Under Sullivan's choreography and direction, the Annadroids' movements help each video game zone come to life. For example, during the "Sub-urban Daze" zone, the dancers jog in front of the screen containing animated rows of identical houses; during "(Man)ufractured," which seems to explore human sexuality, the dancers work in pairs, using lifts, and making shapes where their bodies touch. The dancers themselves—Amy Campbell, Shelby Lafrinere, Kristin Lewis, Rian Orders, and Anna Sullivan—seemed perfect. I loved watching their skill, expression, and coordination.
My favorite technical aspect of the show was Sullivan's costume design. The Annadroids all look like bizarre dolls with short, black, bobbed wigs, painted faces, exaggerated red lips, and long, sparkling eye lashes.

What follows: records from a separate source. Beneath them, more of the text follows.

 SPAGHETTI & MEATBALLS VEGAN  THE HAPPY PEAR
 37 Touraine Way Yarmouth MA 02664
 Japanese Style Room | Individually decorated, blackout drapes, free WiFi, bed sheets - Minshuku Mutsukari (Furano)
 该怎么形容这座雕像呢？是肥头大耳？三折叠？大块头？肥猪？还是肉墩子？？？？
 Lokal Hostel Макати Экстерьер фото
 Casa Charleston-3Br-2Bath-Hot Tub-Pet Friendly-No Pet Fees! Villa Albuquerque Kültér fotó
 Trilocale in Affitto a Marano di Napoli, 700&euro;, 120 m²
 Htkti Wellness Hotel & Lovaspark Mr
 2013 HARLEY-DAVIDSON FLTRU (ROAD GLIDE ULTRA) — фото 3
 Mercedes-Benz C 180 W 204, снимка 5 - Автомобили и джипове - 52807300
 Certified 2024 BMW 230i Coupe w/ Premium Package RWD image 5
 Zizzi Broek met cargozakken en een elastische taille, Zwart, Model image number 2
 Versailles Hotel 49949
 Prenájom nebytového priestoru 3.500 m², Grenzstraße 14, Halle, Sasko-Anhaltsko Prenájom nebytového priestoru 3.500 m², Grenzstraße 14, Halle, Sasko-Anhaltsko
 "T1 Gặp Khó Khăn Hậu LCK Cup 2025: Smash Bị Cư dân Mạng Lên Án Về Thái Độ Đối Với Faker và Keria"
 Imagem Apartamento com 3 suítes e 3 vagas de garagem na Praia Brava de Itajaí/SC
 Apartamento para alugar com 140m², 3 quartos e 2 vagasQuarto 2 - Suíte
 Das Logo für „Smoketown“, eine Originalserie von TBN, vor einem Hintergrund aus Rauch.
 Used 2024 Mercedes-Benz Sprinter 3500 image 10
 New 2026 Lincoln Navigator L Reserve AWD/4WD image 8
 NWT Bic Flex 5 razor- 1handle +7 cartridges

Their identical and cold look fits well with Sullivan's concept. The Annadroids have several costume changes, and I found them exciting—the cool, matching jogging sets; the black dresses with the ruffled collars; the fuchsia tutus—and looked forward to seeing what the Annadroids would wear next.
The program notes state that this show is based on Jung's "multi-layered psychoanalytic model of the human psyche," and I saw evidence that it is highly planned on a conceptual level. Mostly, though, I appreciated the story on a visceral level, enjoying the skill, creativity, and originality of what I saw before me.
Overall, the show made me want to step out of my box more often and explore more movement-based theatre.